An example of a sample table: https://github.com/therkildsen-lab/greenland-cod/blob/master/sample_lists/sample_table.tsv

An example of how a sample table can be created from a list of fastq file names and the original sample infomation sheet: https://github.com/therkildsen-lab/greenland-cod/blob/master/markdowns/create_sample_table_se_3.md

Install programs used

If you are not working on the Therkildsen server, you might need to intall the following programs to your machine. The program paths will then need to be inputted to each script (see script headers).

Trimmomatic http://www.usadellab.org/cms/?page=trimmomatic
fastp https://github.com/OpenGene/fastp
bowtie2 http://bowtie-bio.sourceforge.net/bowtie2/index.shtml
Picard https://broadinstitute.github.io/picard/
bamUtil https://github.com/statgen/bamUtil
GenomeAnalysisTK-3.7 https://software.broadinstitute.org/gatk/documentation/version-history.php?id=8692&page=3
BBMap https://github.com/BioInfoTools/BBMap

Demultiplex

If your fastq file has not been demultiplex and if the barcodes are part of the fastq headers, use the following line to demultiplex. Replace the items in quotes with appropriate paths and names. An example of this workflow can be found here.

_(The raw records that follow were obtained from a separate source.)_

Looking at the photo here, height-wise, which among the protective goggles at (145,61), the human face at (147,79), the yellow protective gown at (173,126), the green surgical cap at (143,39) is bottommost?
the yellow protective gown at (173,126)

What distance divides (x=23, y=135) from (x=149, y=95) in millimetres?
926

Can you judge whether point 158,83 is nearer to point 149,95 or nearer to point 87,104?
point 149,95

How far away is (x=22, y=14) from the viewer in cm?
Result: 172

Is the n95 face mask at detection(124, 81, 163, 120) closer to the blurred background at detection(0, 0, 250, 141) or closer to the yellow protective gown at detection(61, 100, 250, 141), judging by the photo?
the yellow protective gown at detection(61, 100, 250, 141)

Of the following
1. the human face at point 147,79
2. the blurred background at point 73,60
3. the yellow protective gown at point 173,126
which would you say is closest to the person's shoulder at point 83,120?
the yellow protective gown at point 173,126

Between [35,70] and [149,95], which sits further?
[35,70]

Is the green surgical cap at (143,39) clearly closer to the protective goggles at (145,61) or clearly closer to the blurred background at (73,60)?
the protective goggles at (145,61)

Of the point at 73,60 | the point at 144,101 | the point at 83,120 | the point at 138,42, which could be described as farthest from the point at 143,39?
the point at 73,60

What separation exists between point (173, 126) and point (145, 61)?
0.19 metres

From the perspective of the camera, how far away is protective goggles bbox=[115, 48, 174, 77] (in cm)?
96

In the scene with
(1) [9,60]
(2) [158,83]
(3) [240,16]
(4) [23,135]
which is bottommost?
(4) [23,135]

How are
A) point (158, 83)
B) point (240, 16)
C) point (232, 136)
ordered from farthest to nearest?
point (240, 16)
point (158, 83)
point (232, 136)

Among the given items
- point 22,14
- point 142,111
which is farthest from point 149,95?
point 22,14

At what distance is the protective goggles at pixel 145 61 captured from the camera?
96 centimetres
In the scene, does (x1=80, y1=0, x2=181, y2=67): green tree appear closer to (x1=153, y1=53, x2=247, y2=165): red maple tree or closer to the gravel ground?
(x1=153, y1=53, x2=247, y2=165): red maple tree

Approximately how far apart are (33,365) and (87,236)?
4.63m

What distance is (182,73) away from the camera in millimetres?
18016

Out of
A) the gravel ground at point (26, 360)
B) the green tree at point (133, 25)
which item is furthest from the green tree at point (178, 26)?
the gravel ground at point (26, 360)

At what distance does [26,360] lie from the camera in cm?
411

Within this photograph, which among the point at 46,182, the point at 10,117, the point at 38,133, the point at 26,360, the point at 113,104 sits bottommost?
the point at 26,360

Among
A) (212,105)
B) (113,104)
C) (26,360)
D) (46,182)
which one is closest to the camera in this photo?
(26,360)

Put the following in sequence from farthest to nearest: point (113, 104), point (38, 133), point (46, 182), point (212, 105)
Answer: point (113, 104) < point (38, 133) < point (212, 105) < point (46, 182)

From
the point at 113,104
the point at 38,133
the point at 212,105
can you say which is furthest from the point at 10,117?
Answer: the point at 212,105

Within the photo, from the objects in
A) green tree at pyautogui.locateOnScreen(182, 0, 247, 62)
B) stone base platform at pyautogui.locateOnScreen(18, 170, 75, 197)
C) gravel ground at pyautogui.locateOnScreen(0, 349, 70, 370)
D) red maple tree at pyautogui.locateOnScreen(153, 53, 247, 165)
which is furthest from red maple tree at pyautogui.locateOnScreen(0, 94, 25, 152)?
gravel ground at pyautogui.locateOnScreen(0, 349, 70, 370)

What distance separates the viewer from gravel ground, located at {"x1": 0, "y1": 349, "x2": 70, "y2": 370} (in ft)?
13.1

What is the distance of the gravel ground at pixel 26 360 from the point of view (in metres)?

Each line in the barcode list should be in the format of i7sequence+i5sequence, and an example of such a barcode list can be found here.

See demuxbyname.sh for details.

nohup bash /programs/bbmap-38.45/demuxbyname.sh \
in="Path to gzipped fastq files" \
in2="Path to gzipped fastq files if your have pair-end reads" \
out="Suffix of output names; this should start with a percentage sign (%)" \
out2="Suffix of output names if your have pair-end reads; this should start with a percentage sign (%)" \
outu=unknown_barcode_1.fastq.gz \
outu2=unknown_barcode_2.fastq.gz \
prefixmode=f \
names="Path to a list of barcode sequences" \
> "Path to the nohup file" &

After this is run, make sure to rename your demulitplexed fastq files so that the file names do not contain a plus sign (+), which can be a problem in downstream analyses.

Get started

Clip adapters using adapter_clipping.sh
Quality filtering using quality_filtering.sh (optional)
Build bowtie reference index using build_bowtie_ref_index.sh. This only needs to be done once with the same reference genome.
Map to reference, sort, and quality filter using low_coverage_mapping.sh
Merge samples that were sequenced multiple times on different lanes (or within the same lane, with different barcodes). You should write your own script to do this, but see an example here
Deduplicate (all samples) and clip overlapping read pairs (pair-end only) using deduplicate_clipoverlap.sh
In-del relignment using realign_indels.sh. This needs to be run in the /bam/ folder so that the realigned bam files can be outputted to the correct directory.

Optional steps

Check contamination or species composition in fastq files using run_species_detector.sh
Count fastq files using count_fastq.sh
Count bam files before merging using count_bam_unmerged.sh
Count bam files after merging using count_bam_merged.sh
Count per position depth using count_depth_per_position_per_sample.sh and summarize these using summarize_depth_per_position.R

Examples of the workflow

Greenland cod project

A few suggestions

Avoid using Excel to edit your sample tables and lists unless you know what you are doing, since it may lead to weird line ending issues (see example). If you are encoutering such issues, use the dos2unix command to convert the file endings to Unix format.
It is a good practice to have completely unique sample IDs. For example, having one sample named 1Cod and another sample named 11Cod can create unexpected problems. It would be much safer to name them 01Cod and 11Cod.